Desde el siglo pasado y no por casualidad, las historias infantiles con protagonistas mujeres relatan los injustos sufrimientos de bellas pero asexuadas princesas encarceladas en castillos con madrastras, palacios con príncipes distraídos o calabozos con brujas sádicas. Esas historias llevadas a la pantalla por Disney, fueron taquilleras como pocas: ahí están todavía presentes con total vigencia Blancanieves, Cenicienta y Aurora. Pero ya a comienzos de los años noventa fue primero Bella y luego Jasmine las que quebraron con esos cánones de princesas, siguiendo luego con Mulan, Tiana, Rapunzel y Merida.
Pero quiero concentrarme en Jasmine, mi favorita, una de las que no es redimida por ningún príncipe al final de la película. No sólo eso: es esta audaz princesa árabe, que tiene un tigre por mascota, la que sale por sí misma a forjar su propio destino, rechazando las imposiciones sociales que el sultanato pretende imponerle. Y no conforme aún con esa revolución, es ella quien redime a un simple pero valiente chico de la calle y lo convierte en príncipe de Akraba.
Ninguna madrastra, cuñada, hermanastra, mal candidato o bruja envidiosa obliga a Jasmine a permanecer oculta, sometida o prisionera de algún encanto. Ella, por el contrario, es libre y, por su propia decisión, rechaza las lisonjas, afirma su propia voluntad, utiliza sabiamente sus encantos y transforma a un muchacho, que no tiene más recursos que su valor e ingenio, en el héroe que arriesgará su vida por ella. Ella domina la acción, de principio a fin. Aladdin en cambio, por momentos parece enloquecer, se atonta, va y viene cuestionándose hasta finalmente entregarse porque a lo largo de la historia ella va dejando de ser su conquista o su fantasía para ser la llave del cofre de su felicidad.
Para Aladdin, el poder que le otorga el genio al transformarlo en príncipe deja de ser un objetivo de supervivencia para mutar en deseo amoroso.
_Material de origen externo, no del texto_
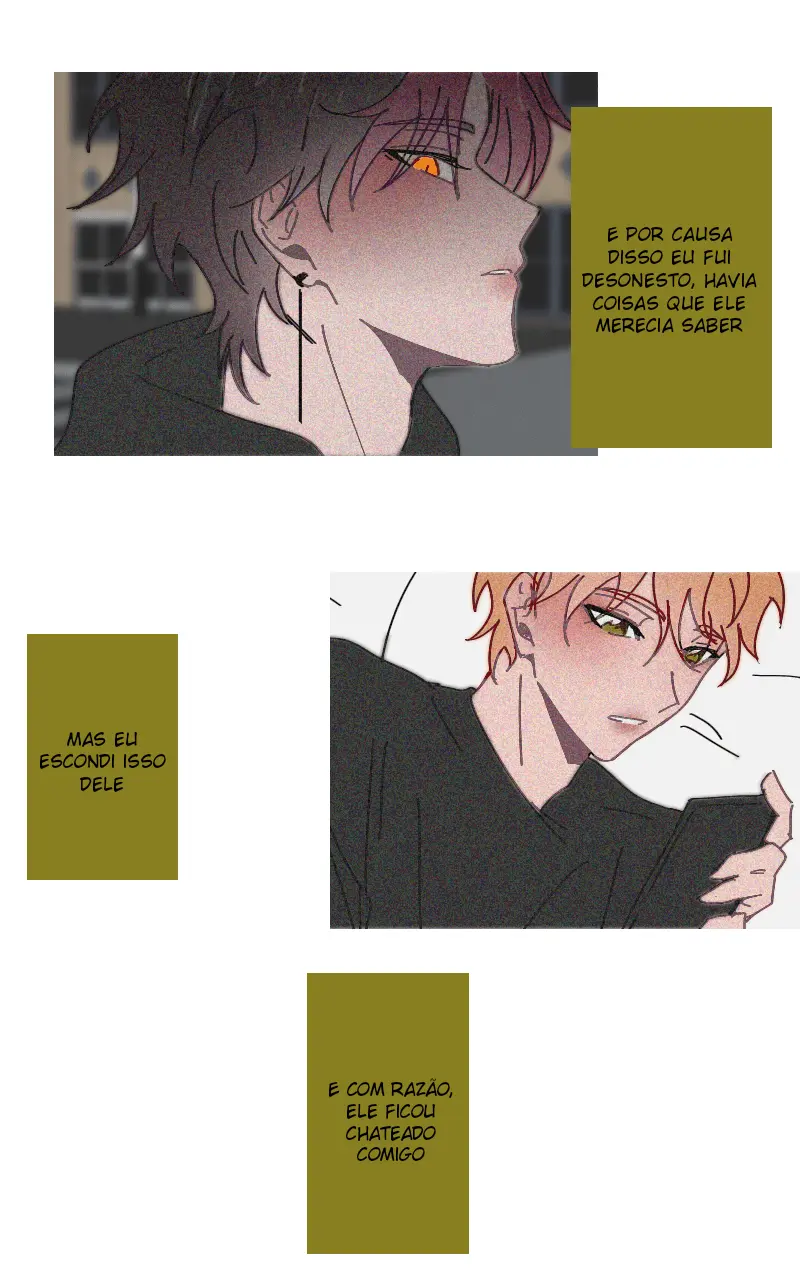 Desenhando Destino – Capítulo 20 Yaoi – Página 4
Pero ninguno de los deseos que Aladdin podría reclamar del genio le resultarían útiles para alcanzar la felicidad. El genio es quien tiene los poderes pero en el fondo, no deja de ser esclavo de un Amo que no puede utilizarlo como querría porque, en realidad, lo único que desea ese Amo es dejar de serlo para así entregarse a la mujer amada. No vas a ganar el corazón de tu Ama con recursos banales ni con poderes. No existe magia de genio ni orden de sultán que pueda torcer las decisiones de Jasmine. Ella hace sus propias elecciones mientras que las otras princesas esperan pasivamente su validación a través de un enlace redentor.
Los finales felices de las historias de princesas son en realidad parciales, nunca sabemos que ocurrió después de las bodas. No sabemos si las princesas habrán sido felices al lado de sus príncipes redentores, modelando vestidos de fantasía o retratándose con sus flamantes bebés. Pero sí me consta que cuando se combinan una mujer libre y sexuada y un hombre enamorado, la buena onda se expande a su alrededor cual erótico Big-Bang. Por eso estoy segura es que Jasmine y Aladdin, ademas de ser felices por siempre, habrán velado eternamente por el bien de los habitantes de Akraba.